I've also tried with a much smaller wikidata-reduced-file (only 10 lines) and everything works fine there. Inspecting that file with pickletools yields the correct results:
$ python -m pickletools wikidata_automation_mini.pickle
0: \x80 PROTO 3
2: c GLOBAL 'ahocorasick Automaton'
25: q BINPUT 0
27: ( MARK
28: M BININT2 302
31: B BINBYTES b'\x00\x00\x00\x00\x00\x00\x00\x00\x00\x00\x00\x00\x00\x00\x00\x00\x15\x00\x00\x00\x00\x00\x00\x00\x00\x00\x00\x00\x00\x00\x00\x00\x02\x00\x00\x00\x00\x00\x00\x00\x0b\x00\x00\x00\x00\x00\x00\x00"\x00\x00\x00\x00\x00\x00\x00$\x00\x00\x00\x00\x00\x00\x005\x00\x00\x00\x00\x00\x00\x00?\x00\x00\x00\x00\x00\x00\x00E\x00\x00\x00\x00\x00\x00\x00P\x00\x00\x00\x00\x00\x00\x00\\\x00\x00\x00\x00\x00\x00\x00a\x00\x00\x00\x00\x00\x00\x00j\x00\x00\x00\x00...
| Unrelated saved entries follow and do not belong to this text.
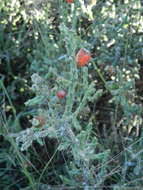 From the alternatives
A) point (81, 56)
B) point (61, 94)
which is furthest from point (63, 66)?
point (81, 56)

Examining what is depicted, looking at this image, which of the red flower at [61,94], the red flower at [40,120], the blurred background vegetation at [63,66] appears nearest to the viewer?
the red flower at [40,120]

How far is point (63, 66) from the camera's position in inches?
51.7

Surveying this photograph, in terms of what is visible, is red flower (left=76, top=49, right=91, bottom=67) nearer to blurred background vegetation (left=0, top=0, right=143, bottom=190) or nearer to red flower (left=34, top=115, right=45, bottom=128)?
red flower (left=34, top=115, right=45, bottom=128)

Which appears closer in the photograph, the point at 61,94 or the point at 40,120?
the point at 40,120

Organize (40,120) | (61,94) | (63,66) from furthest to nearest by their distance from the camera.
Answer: (63,66), (61,94), (40,120)

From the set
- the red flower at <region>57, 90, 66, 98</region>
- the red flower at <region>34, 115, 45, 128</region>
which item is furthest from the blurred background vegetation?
the red flower at <region>34, 115, 45, 128</region>

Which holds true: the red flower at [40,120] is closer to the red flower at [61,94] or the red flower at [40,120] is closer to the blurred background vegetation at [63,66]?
the red flower at [61,94]

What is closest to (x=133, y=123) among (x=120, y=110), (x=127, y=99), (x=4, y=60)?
(x=127, y=99)

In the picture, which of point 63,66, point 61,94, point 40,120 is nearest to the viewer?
point 40,120

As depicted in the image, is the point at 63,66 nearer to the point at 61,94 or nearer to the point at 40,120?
the point at 61,94

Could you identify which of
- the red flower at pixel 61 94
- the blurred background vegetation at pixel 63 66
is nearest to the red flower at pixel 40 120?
the red flower at pixel 61 94

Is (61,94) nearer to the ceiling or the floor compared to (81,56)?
nearer to the floor

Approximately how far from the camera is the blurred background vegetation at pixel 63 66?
118 cm

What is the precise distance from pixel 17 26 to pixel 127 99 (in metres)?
0.83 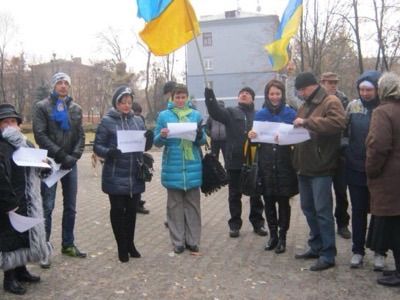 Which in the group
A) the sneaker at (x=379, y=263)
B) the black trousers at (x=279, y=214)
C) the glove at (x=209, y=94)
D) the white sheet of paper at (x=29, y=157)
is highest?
the glove at (x=209, y=94)

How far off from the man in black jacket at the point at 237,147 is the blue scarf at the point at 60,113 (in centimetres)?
198

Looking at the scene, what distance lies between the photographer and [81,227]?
7.70m

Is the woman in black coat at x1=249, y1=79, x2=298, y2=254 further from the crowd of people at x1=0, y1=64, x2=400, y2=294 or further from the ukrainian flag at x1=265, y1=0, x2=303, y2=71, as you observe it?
the ukrainian flag at x1=265, y1=0, x2=303, y2=71

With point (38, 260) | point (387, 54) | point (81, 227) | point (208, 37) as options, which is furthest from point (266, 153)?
point (208, 37)

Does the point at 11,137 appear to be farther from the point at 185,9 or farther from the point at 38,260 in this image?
the point at 185,9

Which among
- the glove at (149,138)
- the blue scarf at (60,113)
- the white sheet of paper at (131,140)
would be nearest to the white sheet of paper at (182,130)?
the glove at (149,138)

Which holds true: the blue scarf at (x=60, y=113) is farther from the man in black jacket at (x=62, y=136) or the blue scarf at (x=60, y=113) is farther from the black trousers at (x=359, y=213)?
the black trousers at (x=359, y=213)

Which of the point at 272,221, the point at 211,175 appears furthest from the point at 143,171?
the point at 272,221

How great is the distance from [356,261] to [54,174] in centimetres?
348

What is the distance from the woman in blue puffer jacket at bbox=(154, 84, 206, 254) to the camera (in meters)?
6.04

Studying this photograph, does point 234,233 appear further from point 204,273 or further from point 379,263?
point 379,263

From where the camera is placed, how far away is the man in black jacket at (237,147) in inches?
268

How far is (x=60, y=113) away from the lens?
5.66 meters

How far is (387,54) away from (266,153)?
18.7m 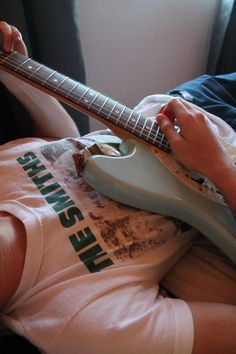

@EmilStenstrom Thank you very much for checking this. I have some vague ideas about the source of errors, but need to verify it. I haven't replicated your problems yet.
@EmilStenstrom Sorry for a stupid question, but: is your MacOS 64-bit?
@WojciechMula Yes. The processor is an "Intel Core i7" which is 64 bit, and the macOS version is Sierra which runs in 64 bit mode. Also, my python returns 64 bit:
$ python -c "import platform; print(platform.architecture())"
('64bit', '')
@EmilStenstrom Thank you, I supposed it might be somehow related to integer overflows. ATM I have no idea how to reproduce the error and what might be its cause.
Could you recompile the module with -fsanitize=address and -fsanitize=undefined. I think setting CFLAGS is sufficient, i.e.:
export CFLAGS="-fsanitize=address -fsanitize=undefined"
@EmilStenstrom I didn't forget about the problem, just run out of ideas.
Hi! I'm still planning to try the compile flags you suggested above, didn't have time! Maybe next week!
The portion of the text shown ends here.